The attorney-client privilege is an old and well-known evidentiary privilege. It fosters candor between attorney and client, protects confidential information from being revealed to others, and ensures that the attorney can render accurate and competent legal advice. On occasion, the privilege extends to third parties. For instance, the “common interest doctrine” may protect communications between business entities with common interests in a lawsuit. A recent decision from Manhattan Commercial Division Justice Robert R. Reed, West 87 LP v. Paul Hastings LLP, exemplifies how instrumental the doctrine can be in commercial practice.

Background

The attorney-client privilege, codified in CPLR § 4503(a), protects certain communications between attorney and client. New York recognizes by statute three categories of privileged materials: privileged matter, attorney work product, and trial-preparation materials (CPLR 3101[b], [c], [d]). Privileged matter includes confidential communications between an attorney and client made to obtain or provide legal advice. Attorney work product and trial-preparation materials include materials prepared by an attorney that contain legal analysis or strategy, along with statements made prior to and during litigation. The party asserting the privilege must establish entitlement to it and show that confidentiality has not been waived.

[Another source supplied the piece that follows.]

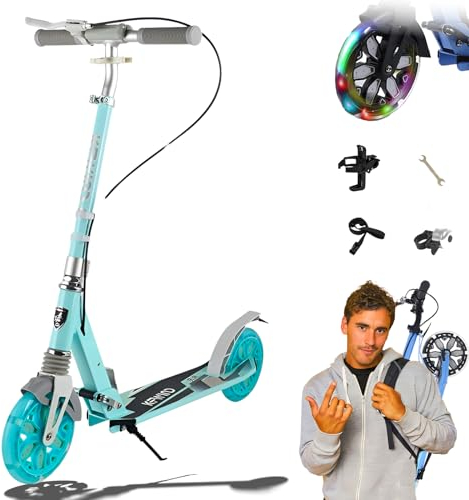 GHBXJX City Roller Big Wheel Scooter Erwachsene LED 180mm, Klappbar Cityroller mit Handbremse, Tretroller Kinder ab 6 Jahre Mädchen Jungen Teenager, Kickscooter Cityroller,Grün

In general, communications between an attorney and client lose their confidential status if they are made in the presence of, or subsequently disclosed to, a third party. For example, the presence of a client’s friend or relative at an attorney-client meeting could potentially waive the privilege, as could sending an email to someone summarizing the attorney’s advice.

The common-interest doctrine carves out an exception to this rule. Under this doctrine, attorney-client communications disclosed to a third party remain privileged if that party shares a common legal interest in pending or anticipated litigation. This exception ultimately prevented the disclosure of communications between a limited liability company and its part owner in West 87 LP v. Paul Hastings LLP.

Analysis

In West 87 LP v. Paul Hastings LLP, the plaintiffs—a group of limited liability companies with various interests in a real-estate development project—sued defendant Paul Hastings LLP for legal malpractice. Defendant had represented plaintiffs in the execution of lease agreements for the project, and plaintiffs claimed that defendant failed to properly draft a rent-escalation clause in a lease for the development.

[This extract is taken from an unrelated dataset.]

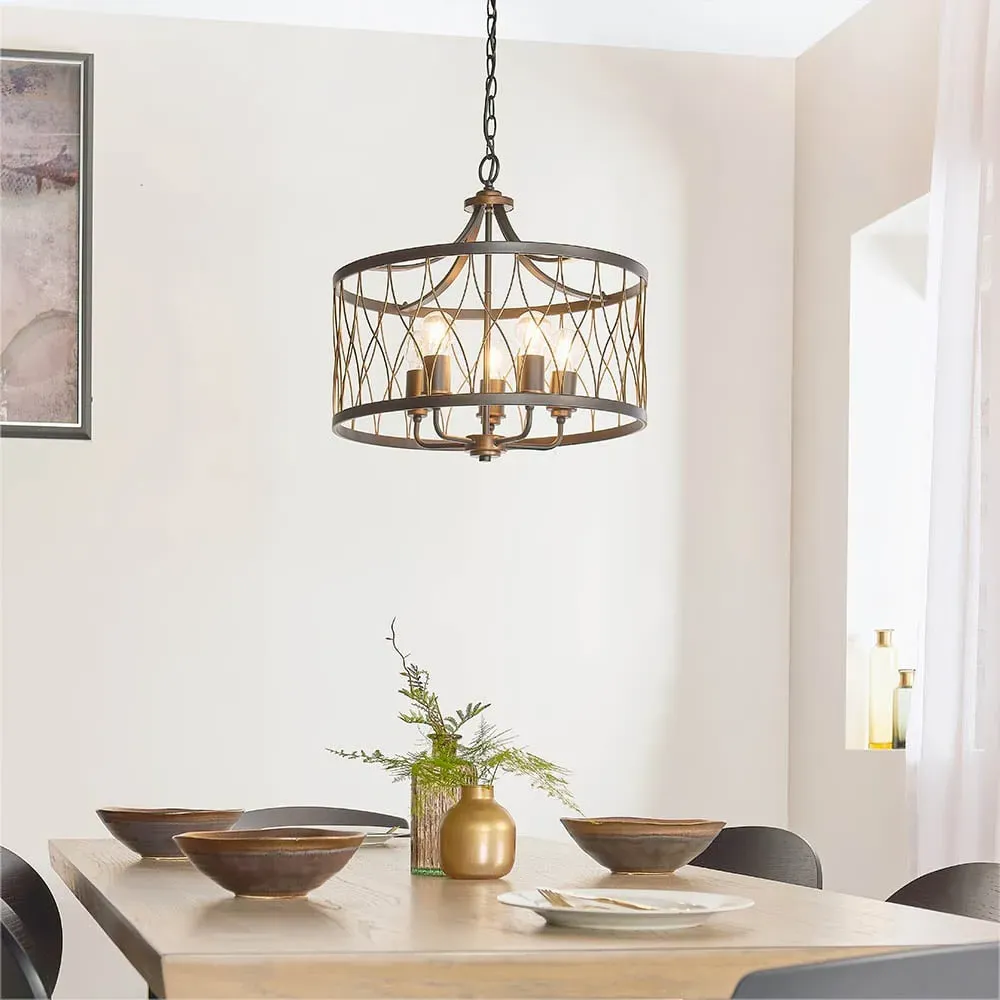 Heston 5 Light Pendant Light - Matt Black, Rustic Bronze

During discovery, plaintiffs produced documents that contained communications between themselves and one of their owners, Quadrum Global, who was not a party to the litigation. Plaintiffs moved for a protective order to shield from disclosure several communications between themselves and Quadrum, which they claimed were privileged. The withheld documents included communications conveying information provided by outside legal counsel, information obtained from outside legal counsel to evaluate claims against defendant, communications about drafting the malpractice complaint, discussions about prior and anticipated legal advice, and requests for legal advice relevant to the litigation.

Plaintiffs conceded that the withheld communications were not actually between attorney and client, and that they did not include their attorneys as senders or recipients. Rather, the communications were between plaintiffs’ representatives and Quadrum’s representatives. Plaintiffs argued that either the attorney-client privilege, the attorney work-product privilege, or the trial-preparation privilege shielded these communications from disclosure.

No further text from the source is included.